• _Supplied data_:

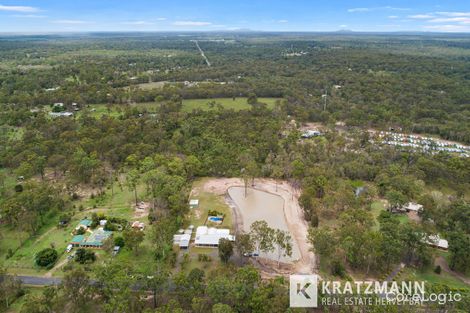 Property photo of 36 Lord Street Sunshine Acres QLD 4655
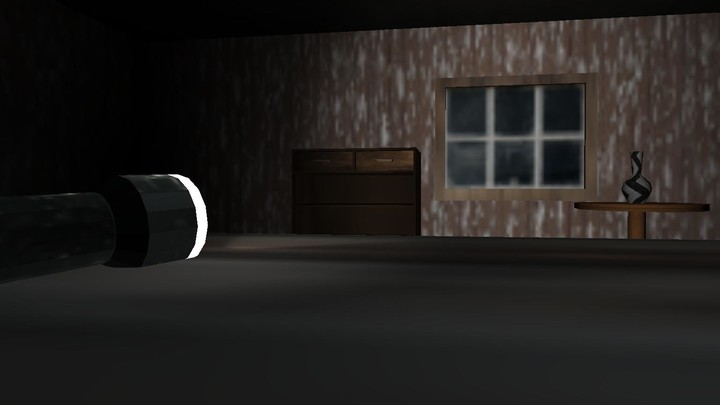 Granny's Extended Version screenshot image 5_Popularmodapk.com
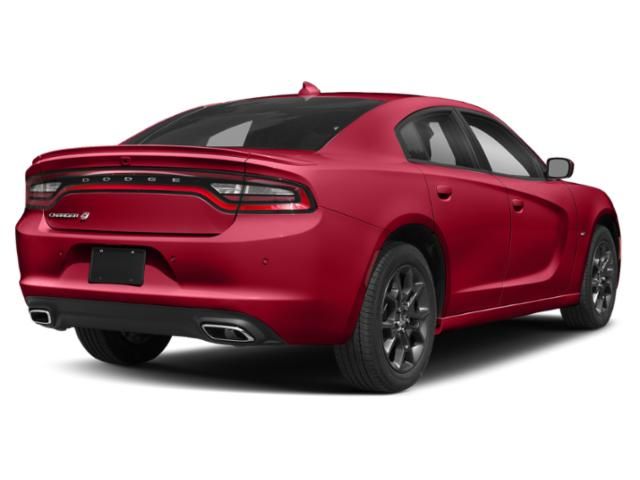 2018 Dodge Charger GT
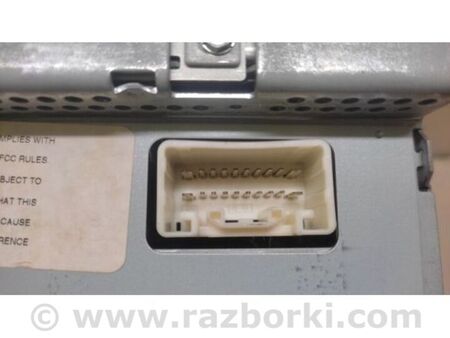 ФОТО Магнітола для Toyota Avalon XX20 (08.1999-11.2004) Київ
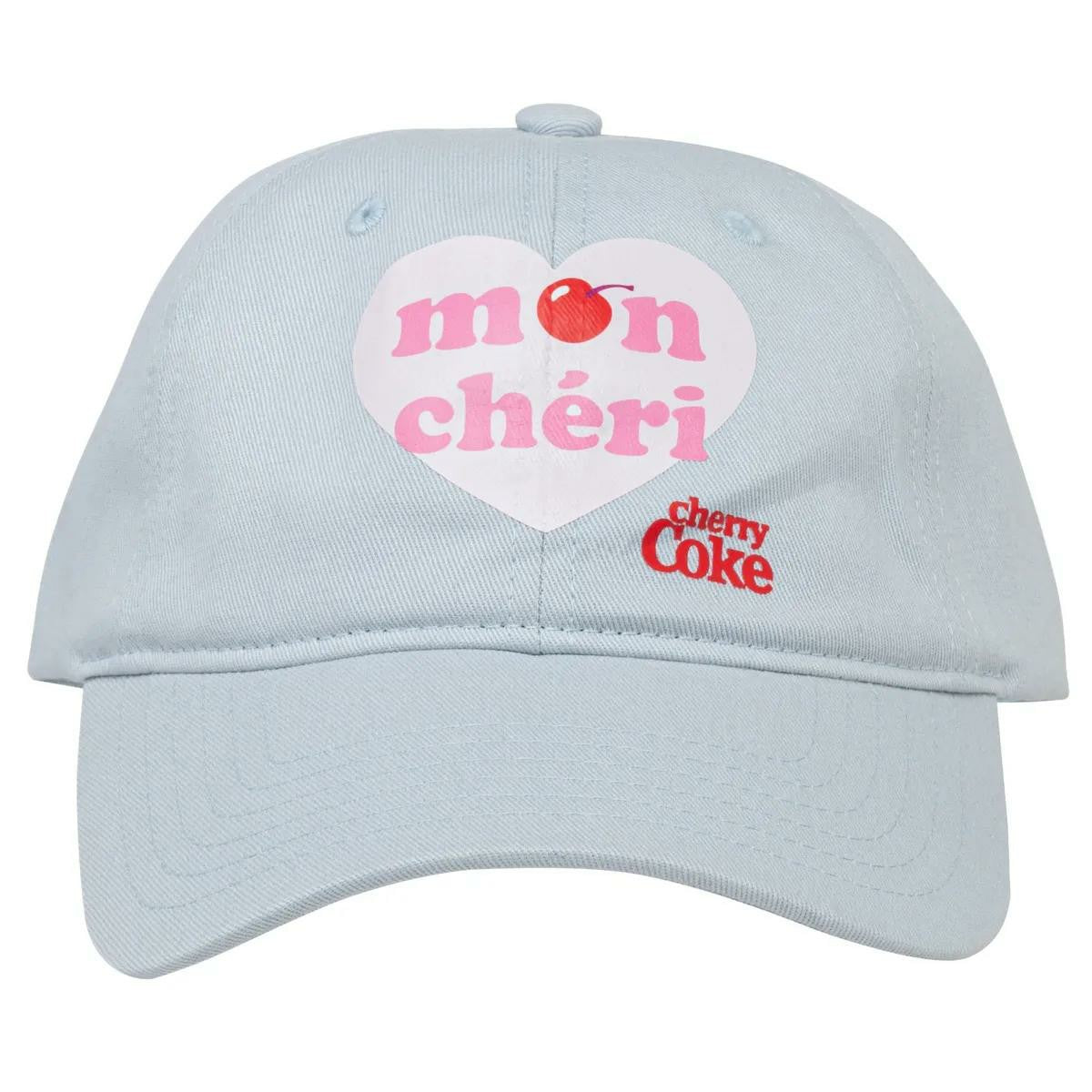 Coca-Cola Store Everyday - Coca-Cola Cherry Coke Women's Hat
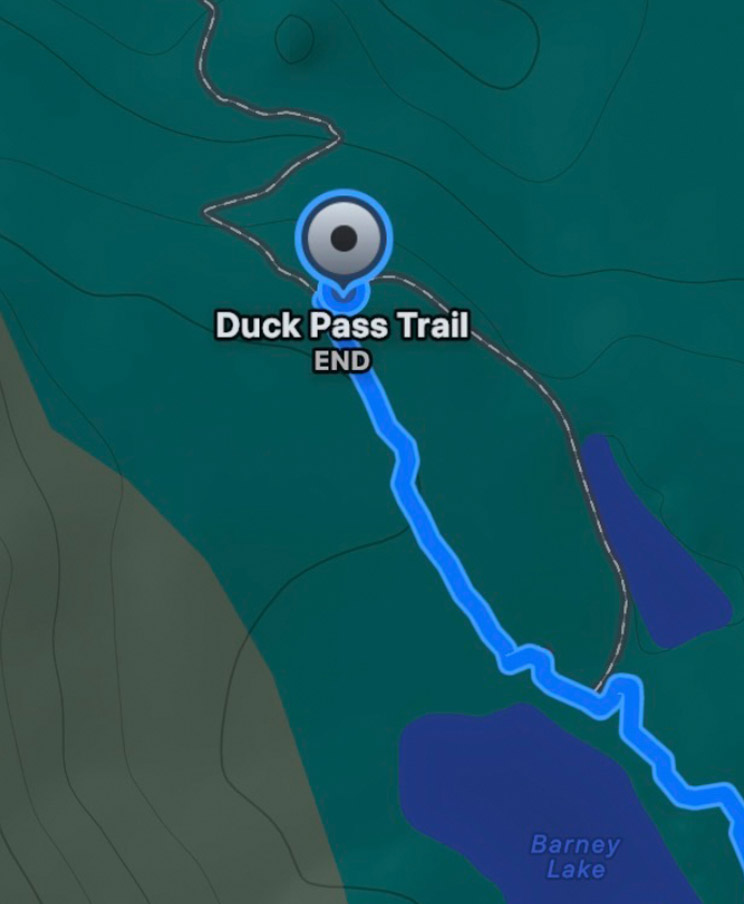 Custom routes.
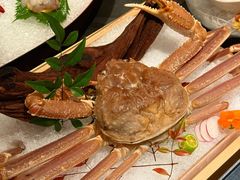 -上井料理黑金店(IFS国金中心店)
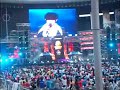 crazy(the song heechul chose to sing on 080815 S-M TOWN LIVE'08 )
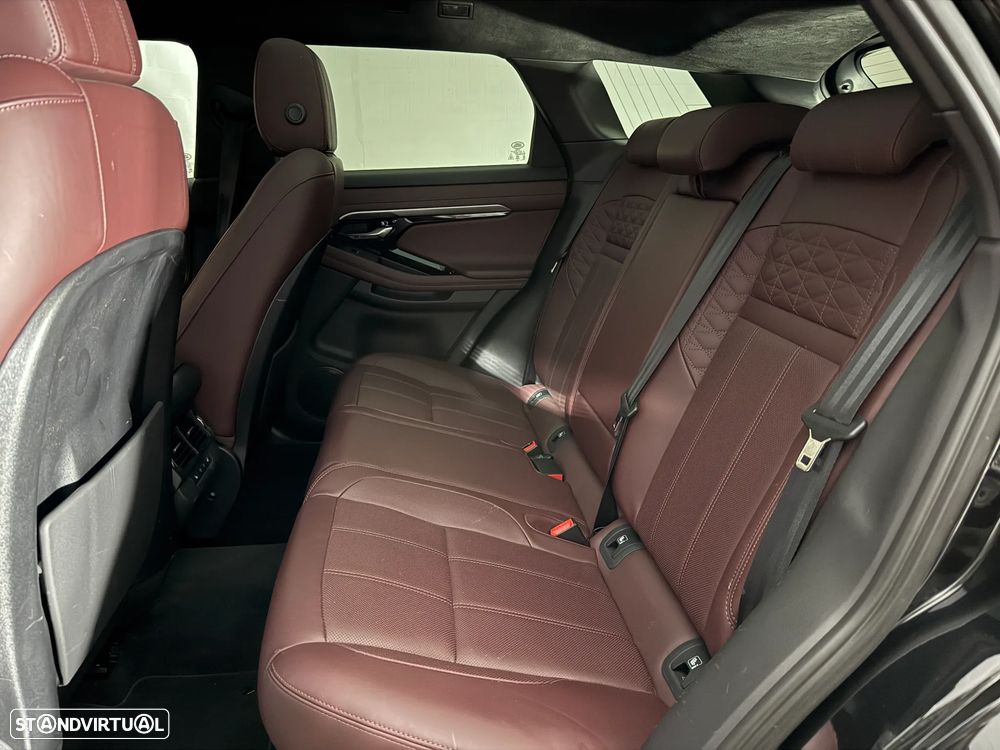 Land Rover Range Rover Evoque P300e Autobiography - 8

• _The problem_: Repeat word for word only the lines from the line holding "2018 Dodge Charger GT" to the final line of the material, both included. Don't carry over any picture.

• _Output for this exercise_:
 2018 Dodge Charger GT
 ФОТО Магнітола для Toyota Avalon XX20 (08.1999-11.2004) Київ
 Coca-Cola Store Everyday - Coca-Cola Cherry Coke Women's Hat
 Custom routes.
 -上井料理黑金店(IFS国金中心店)
 crazy(the song heechul chose to sing on 080815 S-M TOWN LIVE'08 )
 Land Rover Range Rover Evoque P300e Autobiography - 8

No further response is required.